Error with function that uses -rdiscrete()-

Mike Lacy

Join Date: Apr 2014
Posts: 2416

Error with function that uses -rdiscrete()-

23 Feb 2021, 11:04

I have a small program to generate multinomial random variables in Stata, given an existing Stata variable name and a probability vector. It's a wrapper for a Mata function that uses Mata's -rdiscrete()-. The problem I'm having is that -rdiscrete()- occasionally will not execute with certain probability vectors.

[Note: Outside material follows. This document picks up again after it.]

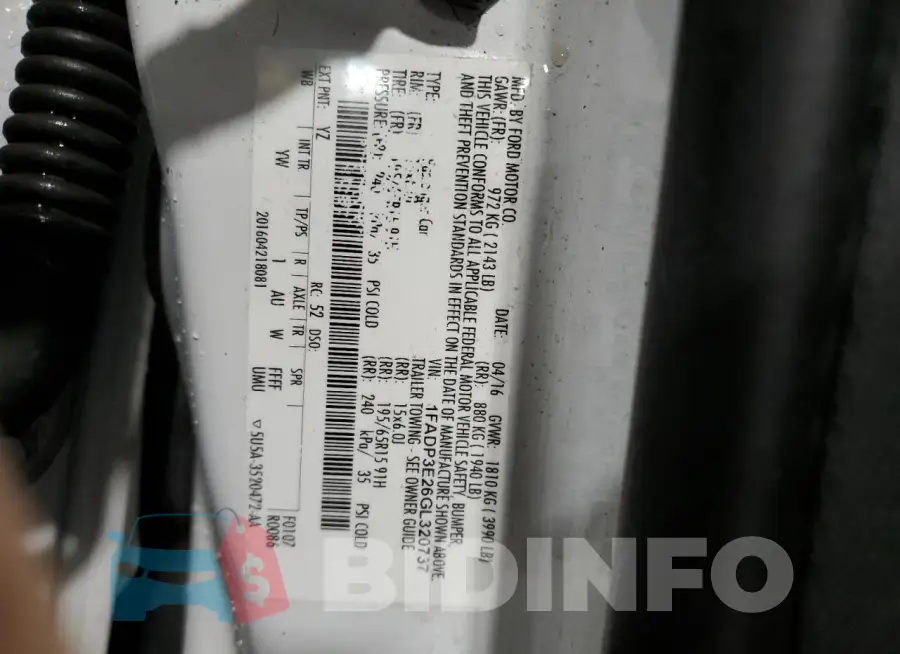 1FADP3E26GL320737 Photo# 13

-rdiscrete()- understandably requires a probability vector that sums *very* closely to 1.0, a problem my function adapts to by checking for this problem and always making a tiny adjustment to the first element of the probability vector. After many years of using this function without incident, I encountered a problem while trying to generate a uniform multinomial variable with 7 categories.

The surprising thing is that -rdiscrete()- worked with a 7-element probability vector that was a *little* bit off from summing to 1.0, but *failed* when I gave it an input vector for 7 categories that was *closer* to summing to 1.0! This stumps me, though my guess goes to some kind of precision issue. Do any of you have an idea of what the problem might be?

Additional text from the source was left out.